Proposed 'real-quick' (haha) prototype

  • Use ZGC (requires no header bits), but assume we're going to require age bits and forwarding pointer
  • Smaller hashcode
  • 32 bit compressed class-pointer
  • Keep current locking scheme. Requires work to get the actual class-ptr in the face of displaced headers. Otherwise can use a lot of existing machinery.

Suggestions welcome! :-)

Interferences

Valhalla

Valhalla has the potential to reduce the impact of Lilliput, it reduces memory usage by flattening object graphs into a packed layout. However, Lilliput is orthogonal and complementary to Valhalla. Valhalla may need a bit or two in the header too.

Loom

Loom will very likely affect how we want to do locking. We should consider this when choosing different approaches.

Research

Some workloads have been run with an instrumented JVM that gives us some information about object sizes, potential savings, number of hashes and locks, etc. See this table for details.

Work plan

  • Research (partly done, see above): First we should conduct some experiments to establish some factors that will likely affect our implementation choices.
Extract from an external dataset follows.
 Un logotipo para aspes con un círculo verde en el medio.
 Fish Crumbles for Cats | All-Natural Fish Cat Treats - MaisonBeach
These measurements can be conducted by instrumenting the JVM to collect various statistics.
    • Object-size histogram: How much space would we realistically save?
    • How many objects are typically i-hashed?
    • How many objects are typically locked?
    • How many classes are typically loaded? (avg/max)
    • How performance-sensitive is access to the Klass of an object?
  • These experiments should be conducted across as many different workloads as we can get hold of. A good start would be a set of benchmarks that typically test a good number of different workloads:
    • SPECjvm2008
    • Dacapo
    • Renaissance
    • SPECjbb2015
  • Other workloads that come to mind include:
    • Various IDEs: Eclipse, Netbeans, IntelliJ

    • Minecraft

    • Application servers, web servers

    • Spring Petclinic

    • TechEmpower Web Framework Benchmarks

  • Based on the above research, decide how to approach the first goal of 64 bit headers:

    • Can we use compressed class-pointers, possibly with fewer bits than 32, or do we need (or can we even afford?) an extra indirection via Klass lookup-table?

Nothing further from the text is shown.